Dass z.B. die Rente krankenversicherungspflichtig wurde ist eine andere Sache.

Eine wirkliche "Rentenkürzung" der bestehenden Renten hat es noch nie gegeben.

Kommentar von Lennister ,

Mag sein, aber bezieht sich denn der Eigentumsschutz nur auf die Beitragszeiten(so @turnmami) oder kann sich- wie du es sagst- der Versicherte darauf verlassen, dass ein einmal erreichter Wert nicht mehr reduziert wird, was ja einen Eigentumsschutz der Rentenhöhe erfordern würde? 

Wer hat denn nun Recht? Ihr widersprecht euch gegenseitig! 

Kommentar von SarcasticSard ,

Ja, das würde mich auch interessieren. 

Kommentar von DerHans ,

Einen Eingriff in bereits bestehende Renten hat es noch nicht gegeben. Gesetzesänderungen sind IMMER in die Zukunft gerichtet. Ob das so bleibt, kann nur der Souverän entscheiden. Das ist der gewählte Bundestag.

Kommentar von SarcasticSard ,

Ob das so bleibt, kann nur der Souverän entscheiden. Das ist der gewählte Bundestag

Also kann der Bundestag das entscheiden? Es wäre dann also keine Enteignung, wenn der Bundestag die bestehenden Renten kürzen würde? Denn wenn die Höhe der bestehenden Renten unter den Eigentumsschutz fallen würde, dann wäre eine Kürzung der bestehenden Renten ja eine Enteignung. 

Und das ist jetzt auch der Kern meiner Frage: Darf der Bundestag die bestehenden Renten kürzen, ohne dass eine Enteignung vorliegt? 

Kommentar von DerHans ,

Mit Mehrheit kann der Bundestag auch eine Enteignung beschließen. Ob das politisch sinnvoll ist, ist eine andere Frage.

Kommentar von SarcasticSard ,

Also wäre dann folglich eine Kürzung der Renten eine Enteignung, für die man die Betroffenen entschädigen müsste? 

Kommentar von DerHans ,

Was hast du von dieser Haarspalterei, ob etwas evtl. möglich WÄRE????

Kommentar von SarcasticSard ,

Es interessiert mich einfach.
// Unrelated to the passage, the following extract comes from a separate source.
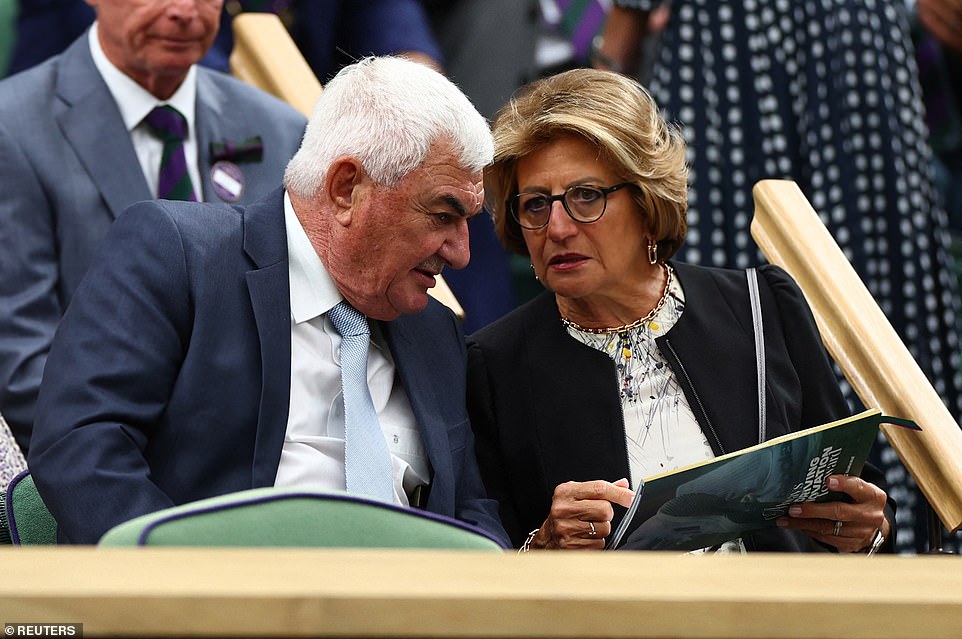 Robert and Lynette Federer, parents of Roger Federer, sit in the royal box on centre court ahead of a presentation to honour the eight-time Wimbledon champion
Zumal es ja z.B. in Griechenland Rentenkürzungen gegeben hat; mich würde interessieren, ob das hier auch rechtlich machbar wäre. Dass es politisch schwierig ist, ist klar. 

Kommentar von DerHans ,

Langsam wirst du lästig

In Griechenland bekommen öffentlich Bedienstete auch mit 57 Rente. Natürlich kann ein Gesetzgeber das ändern.

Kommentar von SarcasticSard ,

Nach dieser einen Frage hast du mich weg: Müsste man die Menschen für eine Kürzung der bestehenden Renten enteignen? Ja, nein, oder weißt du es nicht? 

Kommentar von DerHans ,

Jetzt gehst du eindeutig zu weit. Gehe bitte am Montag deinen Lehrern auf den Nerv

Kommentar von SarcasticSard ,

Aha. Wer eine Frage beantwortet haben will, geht zu weit. Wenn du nicht auf Nachfragen eingestellt bist, dann darfst du hier nicht antworten. Ganz einfach. 

Kommentar von DerHans ,

Fragen stellen und "lästig fallen" sind aber zwei verschiedene Umstände-

Liest du dir deinen Kram eigentlich noch mal durch?

Kommentar von Lennister ,

Ja, langes Nachgefrage ist ziemlich nervig. Du solltest aber auch so fair sein, zuzugeben, dass du ihre Frage nach wie vor nicht wirklich beantwortet hast. Einen Satz mit dem Anfang "Der Eigentumsschutz der gesetzlichen Rentenversicherung bezieht sich auf..." hast du bisher nicht geschrieben.